Hacker News new | ask | show | jobs
by bob1029 1704 days ago
There are severe technological consequences for pushing for synthetic discrete time. Exchanges that currently execute in a serialized fashion may no longer be able to support the trading volume if the underlying platform is unable to develop batch sizes that naturally align with hardware capabilities and timings.

Put differently, I think what is going to happen is you will start stacking way more orders at each interval than you can process before the next because the wonderful CPU pipelining effects get wrecked each time you hit an arbitrary time slice boundary. I suppose you could intentionally spin the CPU instead of yielding back to the OS during these delays, but that means you are not able to process any orders that are currently arriving, so your tail ends up growing longer and longer.

3 comments

I would be very worried if the machines actually executing orders today were anywhere close to 100% load on average, because of the well-known issue where tail latency explodes as you get closer to 100% load. So I doubt the relevance of everything you wrote there.

Batched auctions require different algorithms, sure.
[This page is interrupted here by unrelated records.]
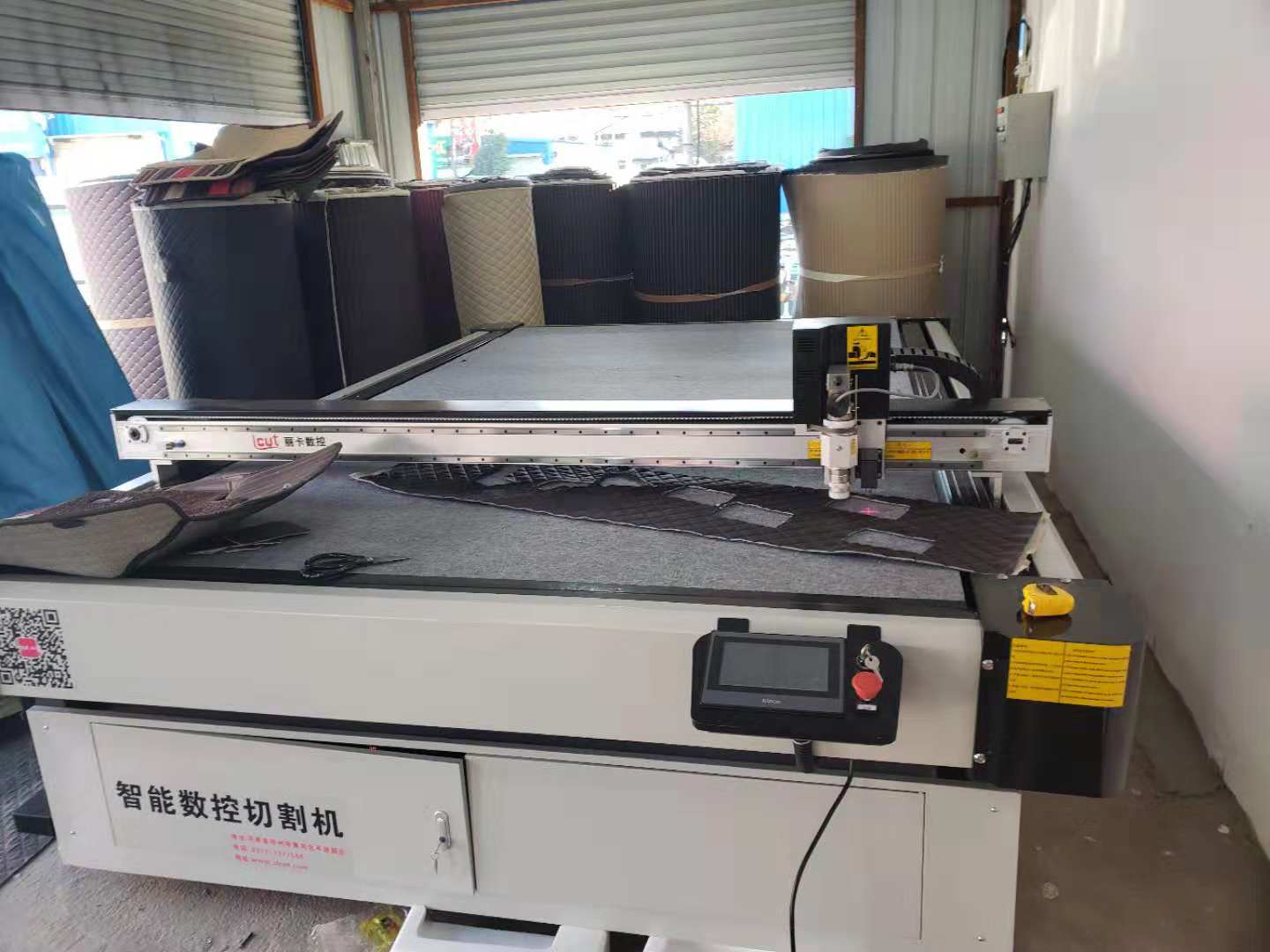 河南麗卡振動(dòng)刀汽車腳墊裁床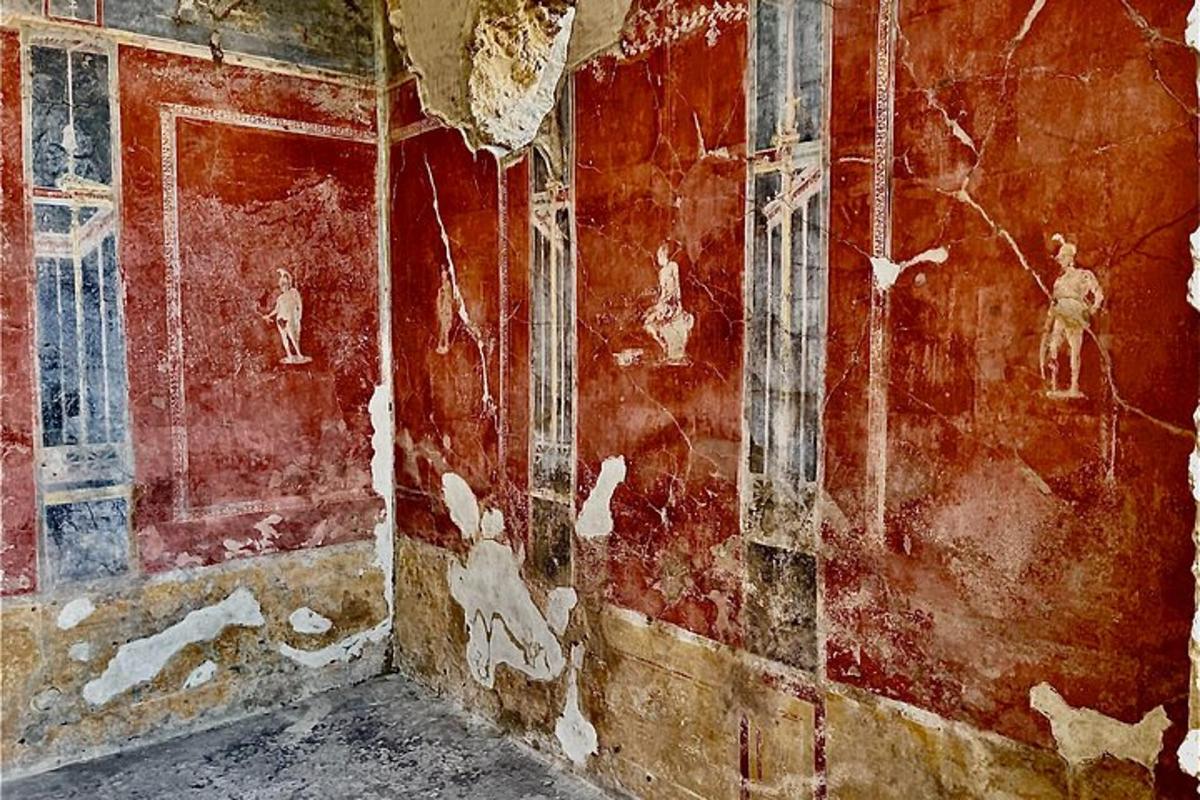 ένα δωμάτιο με πίνακες στους τοίχους ενός κτιρίου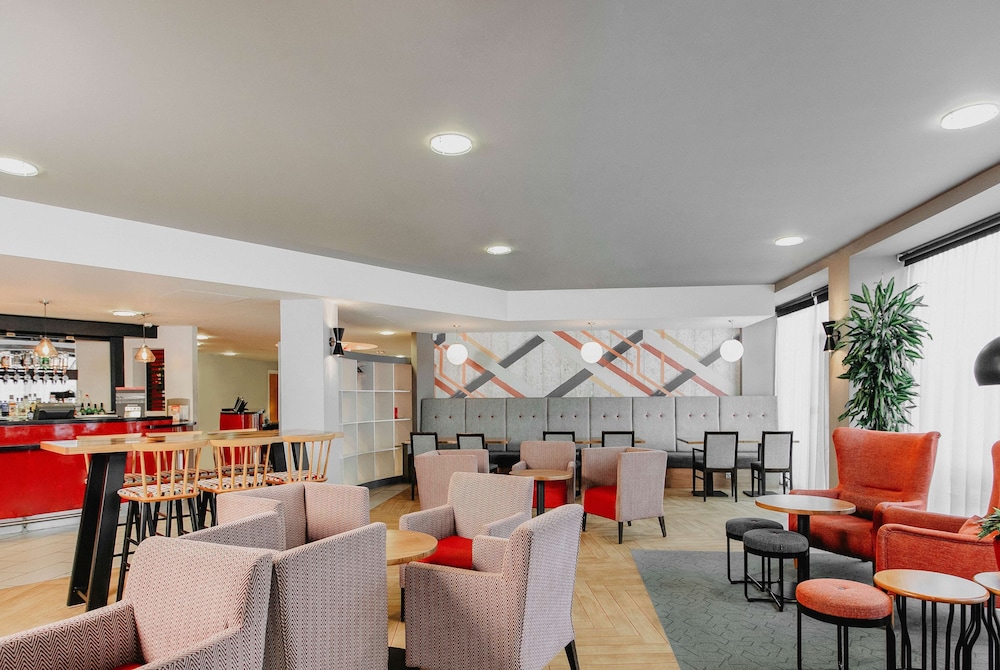 Gateshead Vacations - Ramada Encore by Wyndham Newcastle-Gateshead - Property Image 2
They may even be more expensive to execute. I suppose you have to sort the batch once instead of sorting as you go. Maybe that makes it O(n log n) instead of O(n)? Can you keep a traditional order book up-to-date in O(1) per transaction? Either way, seems like this should be a non-issue. Even if exchanges need to add more shards for order processing, that's just not a big deal.
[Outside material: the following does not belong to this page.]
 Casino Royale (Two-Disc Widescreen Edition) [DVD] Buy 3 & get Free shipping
This hasn’t materialised as a problem (batch auctions are one on the MiFID II venue models) - some eu venues have run this model for around four years now, its definitely less widely used than other models but has a niche.
It might not have materialised as a problem because those venues are not handling as much traffic as the busiest CLOBs are.
Why would a premade queue be worse for pipelining than a random queue which you also have to modify as you process on it? Seems like a single pause per batch rather than constantly checking if the work queue has something new put in it.